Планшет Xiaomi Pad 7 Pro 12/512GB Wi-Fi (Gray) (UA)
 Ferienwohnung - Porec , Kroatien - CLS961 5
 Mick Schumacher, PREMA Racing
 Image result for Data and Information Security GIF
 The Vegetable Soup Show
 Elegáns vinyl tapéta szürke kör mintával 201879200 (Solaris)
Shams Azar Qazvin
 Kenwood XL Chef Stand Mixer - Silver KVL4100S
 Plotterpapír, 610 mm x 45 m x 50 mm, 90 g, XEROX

* * *

■ TASK GOAL ■
Each record is to be repeated word for word, with none skipped.

■ RESULT OF THIS EXERCISE ■
Планшет Xiaomi Pad 7 Pro 12/512GB Wi-Fi (Gray) (UA)
 Ferienwohnung - Porec , Kroatien - CLS961 5
 Mick Schumacher, PREMA Racing
 Image result for Data and Information Security GIF
 The Vegetable Soup Show
 Elegáns vinyl tapéta szürke kör mintával 201879200 (Solaris)
Shams Azar Qazvin
 Kenwood XL Chef Stand Mixer - Silver KVL4100S
 Plotterpapír, 610 mm x 45 m x 50 mm, 90 g, XEROX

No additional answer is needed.